A line from John Lennon’s song is circling in my brain as waves of overwhelm wash over. Inside I hear “Nobody told me there would be days like these….” I watch pictures of the BP spill devastation—what it has done to maim and kill marine wildlife in its home, the ocean known as the Gulf of Mexico. Life has been spawned from the ocean water of the Earth and it should be considered sacred—it is truly the Mother Water of Life. With destruction levels causing increasing dead zones over larger and larger swathes of Earth’s global girth, the level of shock that is registering across the planet is its own agenda to attend to.

At the 911 event, we had human hatred aimed at one of the most concentrated zones of habitation and economic exchange in the West. In the wake of this chaos, lives were irrevocably changed from the ripple effect of shock waves moving out from Ground Zero in New York.

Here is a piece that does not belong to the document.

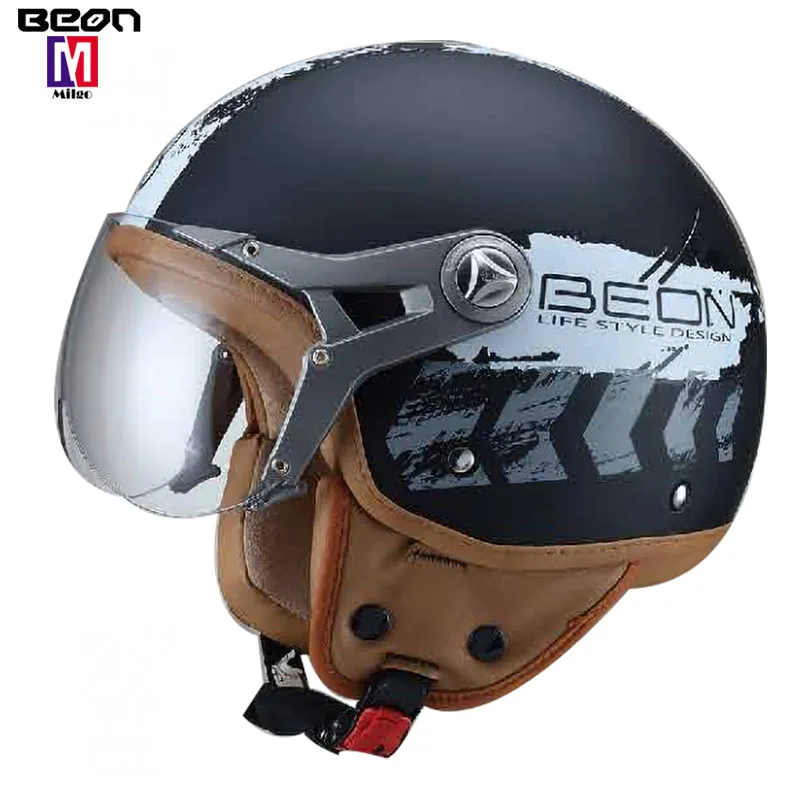 police motorcycle helmets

The British Petroleum Gulf Debacle is another marker of magnitude on the scale of human invoked devastation through carelessness. On April 20, 2010, corruption and greed converged to set up a system failure of unprecedented proportions, and tidal waves of oil began to plume out from deep within the Earth, despoiling the ocean and engulfing systems in ‘crude’ and toxic oil. While the eleven lives lost in the human realm compared to 911 is smaller in scale, this mistake is one of the most costly oversights recorded in modern history. This is a point of reaching a new Ground Zero, for this is an Earth Environmental Zero Point. Do we really need any bigger wake up calls as a human species than this?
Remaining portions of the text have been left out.